We put the event variable in the columns and blood type on the rows in our table, so we need to label the x-axis for the columns. The row categories (blood types) will show up in the legend and represent the height of the bars.
Then, we’ll use the row proportion table we saved as row_prop and create a bar chart by row proportions.
#Bar chart by frequencies
barplot(abo_event, main="Blood Type and Event", #Add title
xlab="Event", #Label x-axis
ylab = "Frequencies", #Label y-axis
col=c("hotpink","lightgreen", "lightblue", "lightyellow"), #Color code bars; there must be same number of colors as categories, so we need four
legend = rownames(abo_event), #Add legend
beside=TRUE) #Put bars beside each other instead of stacked (excluding beside = TRUE results in stacked bar chart) We can try it for fun
#Bar chart by row proportions
barplot(row_prop, main="Blood Type and Event", #Add title
xlab="Event", #Label x-axis
ylab = "Row Proportions", #Label y-axis
col=c("hotpink","lightgreen", "lightblue", "lightyellow"), #Color code bars; there must be same number of colors as categories, so we need four
legend = rownames(abo_event), #Add legend
beside=TRUE) #Put bars beside each other instead of stacked (excluding beside = TRUE results in stacked bar chart) We can try it for fun
15. Based on the frequencies bar chart, which blood type received the
least transplants?
-> AB
Next, we combine blood types to 2 groups, O vs others.

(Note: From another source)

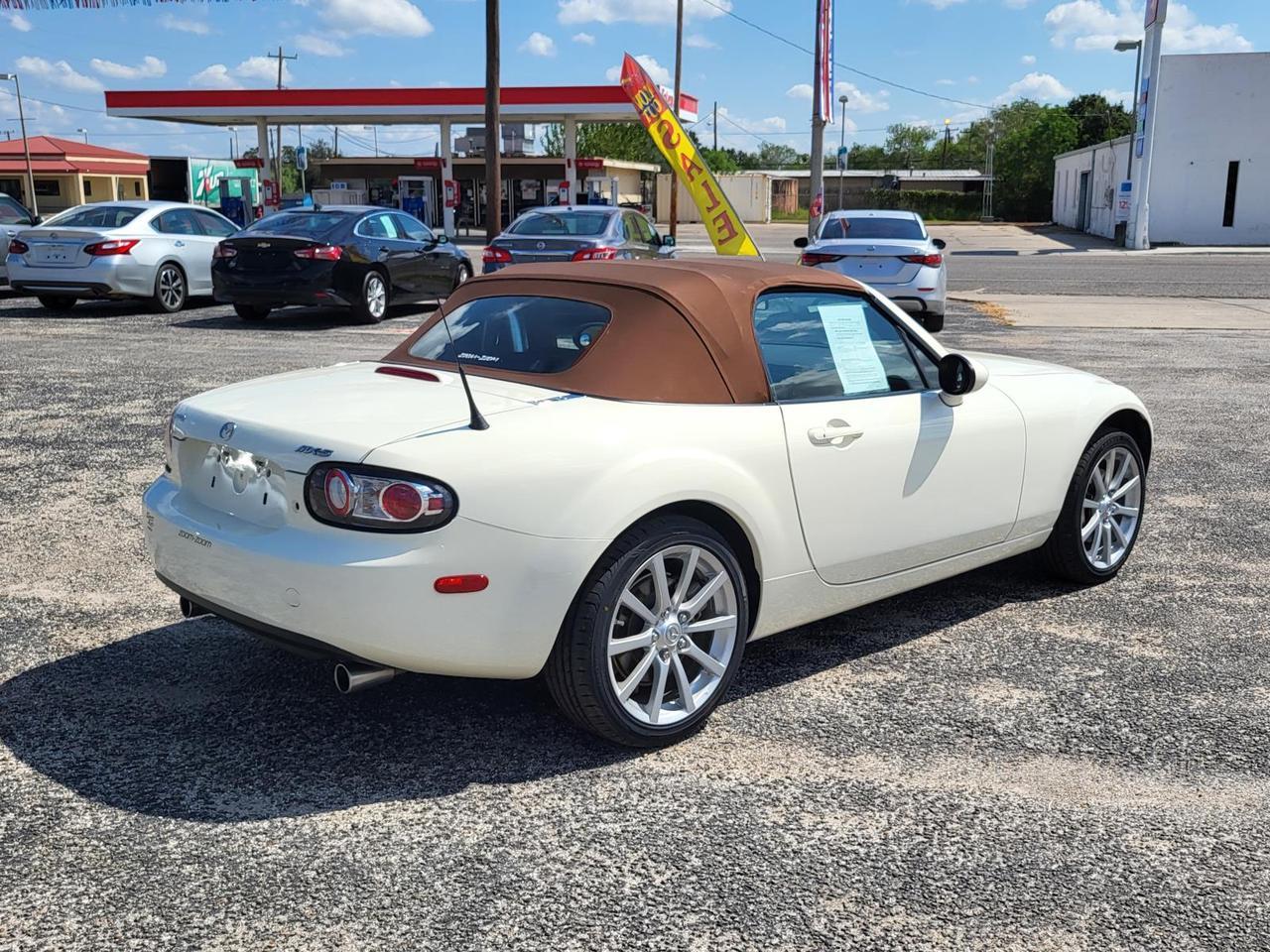 2007 Mazda MX-5 Miata 2dr Conv Auto Grand Touring Beeville TX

We also combine event to ltx (receive transplant) vs others and generate a contingency table:
transplant$bloodtypenew <- ifelse(transplant$abo == "O", "O", "others")
transplant$eventnew <- ifelse(transplant$event == "death", "death", "others")
# Get contingency table with ulcer on the rows and status on the columns and add the sum to each row & column
addmargins(table(transplant$bloodtypenew,transplant$eventnew))
##
## death others Sum
## O 32 314 346
## others 34 435 469
## Sum 66 749 815
-> Risk1= 32/346= 9.25%
-> The risk of dying while waiting for a liver transplant as a patient with blood type O is 9.25%.
-> 9.25/7.25= 1.28%
-> Patients with blood type O are 1.28 times more likely to die than other blood types while waiting for a liver transplant.
-> 32/314= 0.1019
-> 0.1019/0.0782= 1.30
-> the odds of death while waiting for a liver transplant if a patient is blood type O are 1.30 times greater than other blood types.